Effective Growth-suppressive Activity of Maternal Embryonic Leucine-zipper Kinase (MELK) Inhibitor Against Small Cell Lung Cancer

Overview

Journal Oncotarget

Specialty Oncology

Date 2016 Feb 13

PMID 26871945

Citations 31

Authors

Hiroyuki Inoue

Taigo Kato

Sope Olugbile

Kenji Tamura

Suyoun Chung

Takashi Miyamoto

Yo Matsuo

Ravi Salgia

Yusuke Nakamura

Jae-Hyun Park

Affiliations

Soon will be listed here.

Abstract

Maternal embryonic leucine zipper kinase (MELK), that plays a critical role in maintenance of cancer stem cells (CSCs), is predominantly expressed in various types of human cancer including small cell lung cancer (SCLC). SCLC usually acquires resistance to anti-cancer drugs and portends dismal prognosis. We have delineated roles of MELK in development/progression of SCLC and examined anti-tumor efficacy of OTS167, a highly potent MELK inhibitor, against SCLC. MELK expression was highly upregulated in both SCLC cell lines and primary tumors. siRNA-mediated MELK knockdown induced significant growth inhibition in SCLC cell lines.
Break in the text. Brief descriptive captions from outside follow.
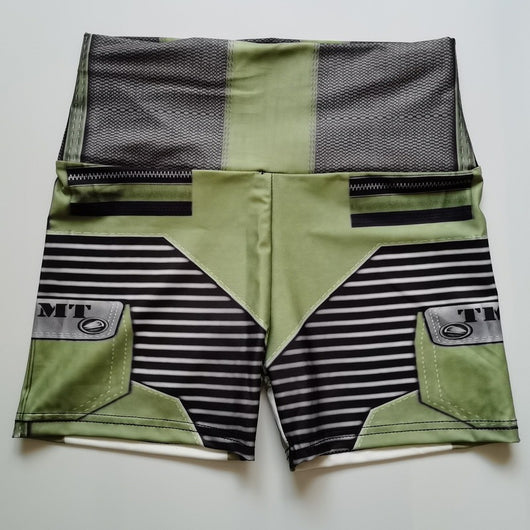 Shorts Deportivos Cintura Alta Camuflaje Militar para Mujer - Image 9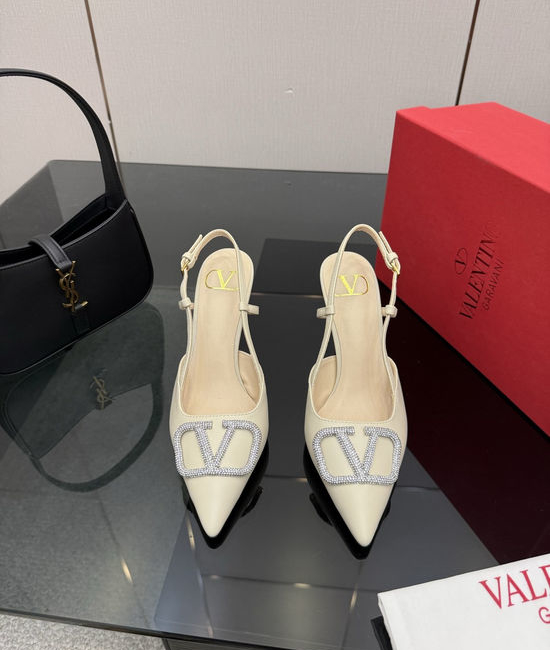 Valentino Bowknot Design Comfortable Sheepskin Lined High Heels
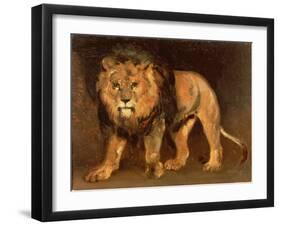 Lion Walking-Théodore Géricault-Framed Giclee Print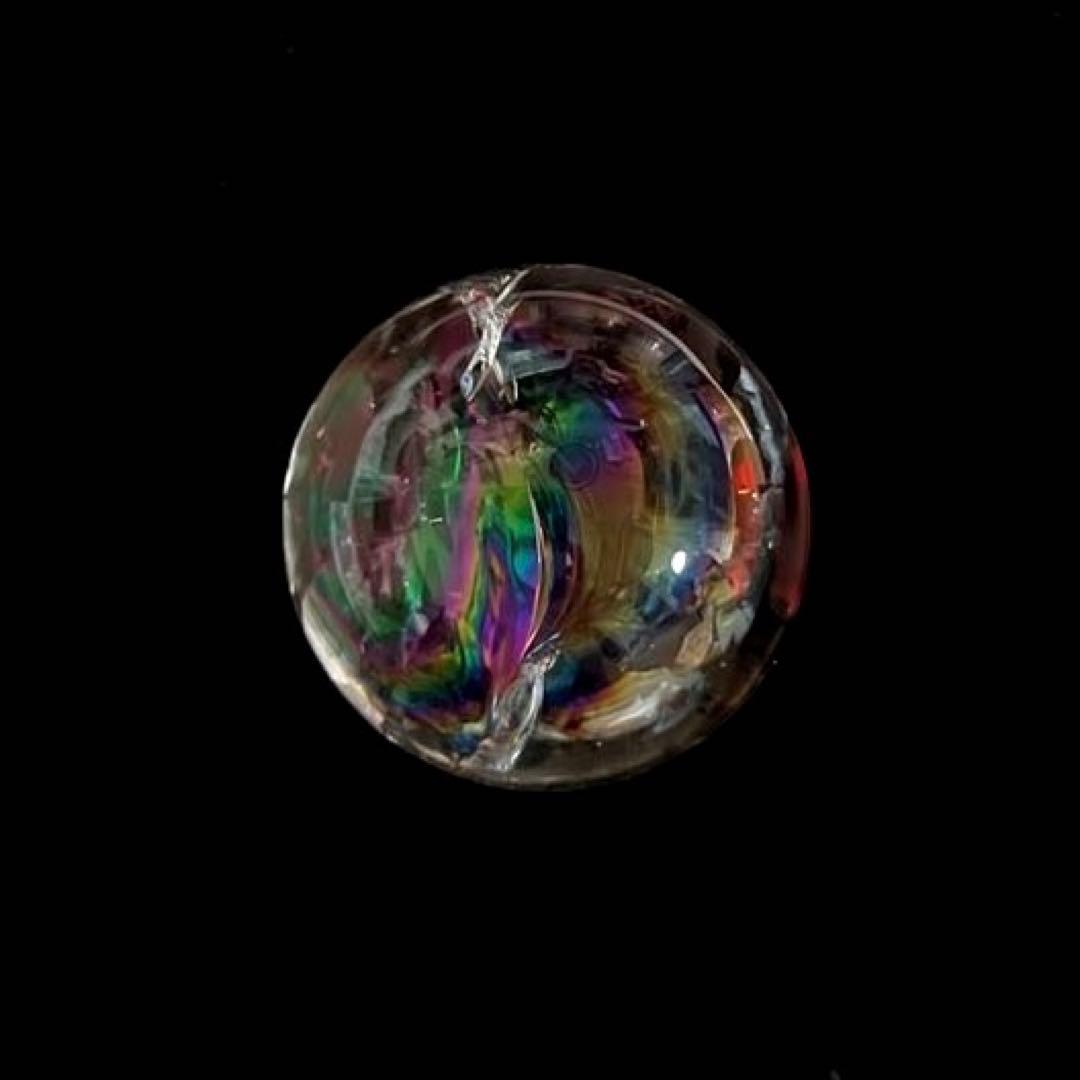 アイリスクォーツ　レインボー水晶　スフィア　丸玉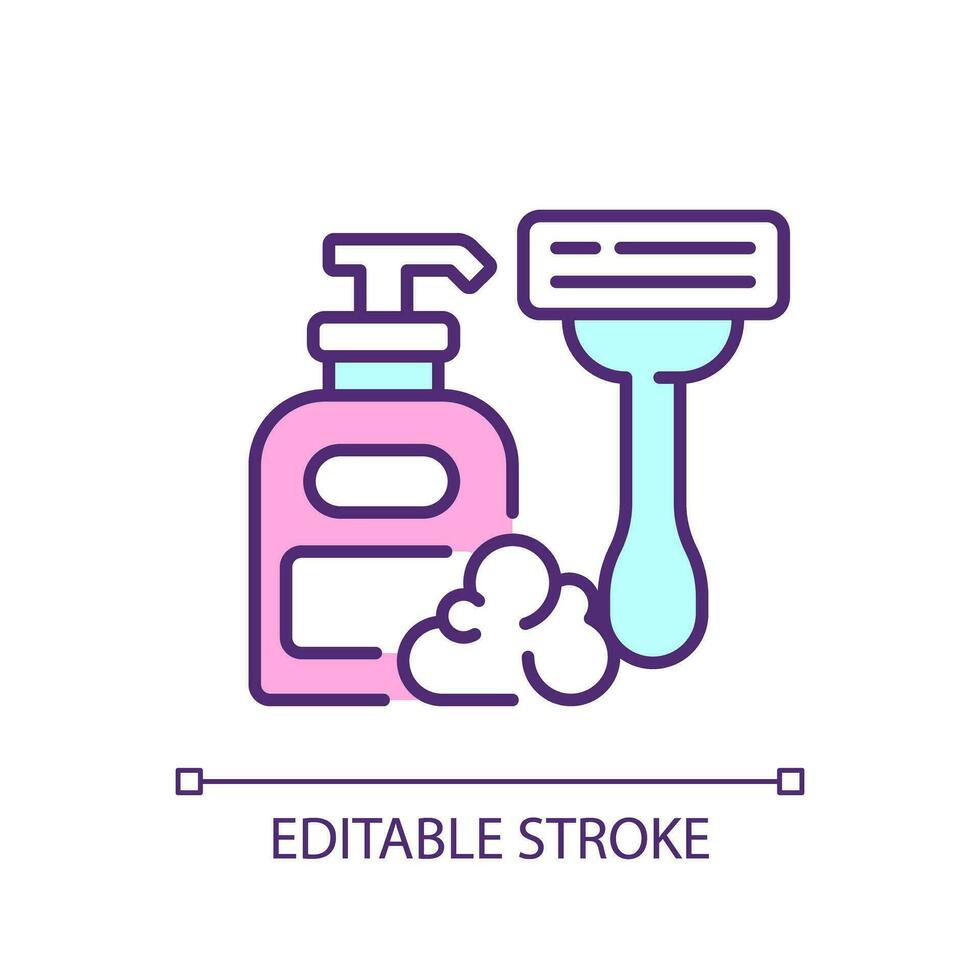 2D simple editable pink tax on personal care icon representing pink tax, isolated vector, thin line illustration. vector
Concordantly, treatment with OTS167 exhibited strong cytotoxicity against eleven SCLC cell lines with IC50 of < 10 nM. As similar to siRNA knockdown, OTS167 treatment induced cytokinetic defects with intercellular bridges, and in some cell lines we observed formation of neuronal protrusions accompanied with increase of a neuronal differentiation marker (CD56), indicating that the compound induced differentiation of cancer cells to neuron-like cells. Furthermore, the MELK inhibition decreased its downstream FOXM1 activity and Akt expression in SCLC cells, and led to apoptotic cell death. OTS167 appeared to be more effective to CSCs as measured by the sphere formation assay, thus MELK inhibition might become a promising treatment modality for SCLC.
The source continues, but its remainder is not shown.